CP Yeah I mean assuming you are dealing with acoustic instruments.
BY Yes, which is what I am assuming, and when I’m saying, “The world sucks because of amplification” obviously that’s not uniformly true, but it certainly is largely true.
CP Well what about vocalists with big band ? That whole thing wouldn’t exist without amplification. That wasn’t a thing before microphones was it ? That’s something worthwhile.
BY No, it did not. Yep. I never thought we’d come into this discussion and you’d be the one defending Mildred Bailey, but there you are [laughs].
CP Well, also Billie Holiday.
You implied that what you’re interested in is mostly people who are currently dead. What do you see as particularly valuable in music developed in (if not performed in), say, the 1960s to 1980s—which seems to be the focus of your label and research. What is special about that era of music that has piqued your interest, and why do you think it’s something that we should still be talking about today and listening to today ?

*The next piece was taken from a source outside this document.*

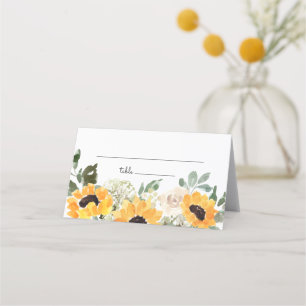 De Placement Tournesol vert Rustique Mariage Carte Place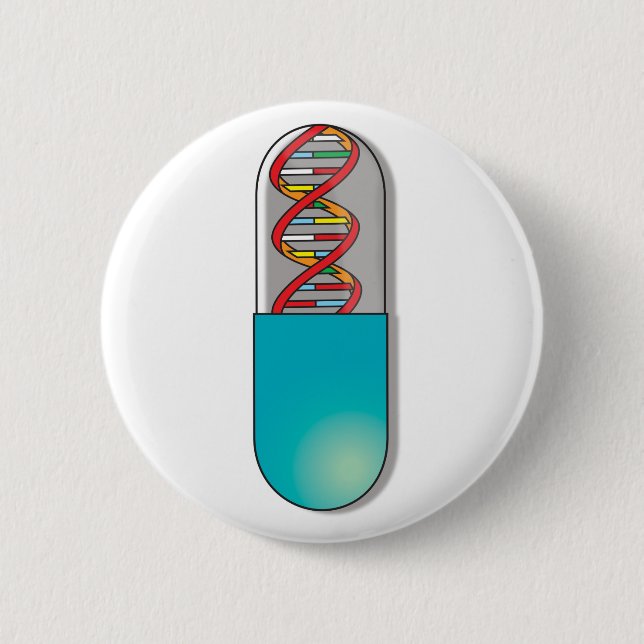 Badge Rond 5 Cm Science de la capsule d'ADN (Devant)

BY One of the answers has to be because some of the people I wanted to find were still alive. I came to New York saying, “I want to meet Bill Dixon and Milford Graves.” And you could, and learn from them what they think about music.
The other part of it is quite arbitrary. When I was a kid I was listening to Throbbing Gristle, and—you would know this whether you lived it or just know people who lived it—there is a lot of access into any part of improvised music through the sort of transgressive spirit that belongs to free jazz to the music of the 60s and up to now. I’m not sure my experience is any different—that that was a place that I landed because those were the raw sounds, and great sounds. The only answer that I can give as a forty-seven-year-old now that is different is that I am trying to engage more people in the discussion : Do we actually listen better to Derek Bailey if we come from a Louis Armstrong world, or do we listen to Louis Armstrong better if we come from a Derek Bailey world ? A lot of people think that you’re either into one or you’re into the other. And you and I both benefitted from a ’KCR experience where you’re going to get hit incidentally with a lot of that. You can choose to block it out and continue hating, but the fundamental punchline for me, is that the quality of creativity in music—of making a hip line—exists inside of time structures and inside of composed structures and it also exists in a world of free improvisation. It exists for an acoustic music and an electronic music, and an old music and a new music. There is some sort of fundamental universality, and it’s tough for me to communicate that to people. I’m trying to figure it out : If I throw the bait at them for years and years and years and say, “Here, dig Benny Carter. Here, dig Duke Ellington. Here, understand what’s great about Johnny Hodges. Here, take note of Jimmy Blanton.” Then can you actually get them to guide their ears and go with you when you say, “Now I want you to know about Don Cherry,” or “Now I want you to know about Evan Parker.” And the answer is, “It will probably take a lot longer.” And ’KCR is a funny place because that experiment has been going on at ’KCR for the whole history of free jazz. It’s been a sixty-year fermentation.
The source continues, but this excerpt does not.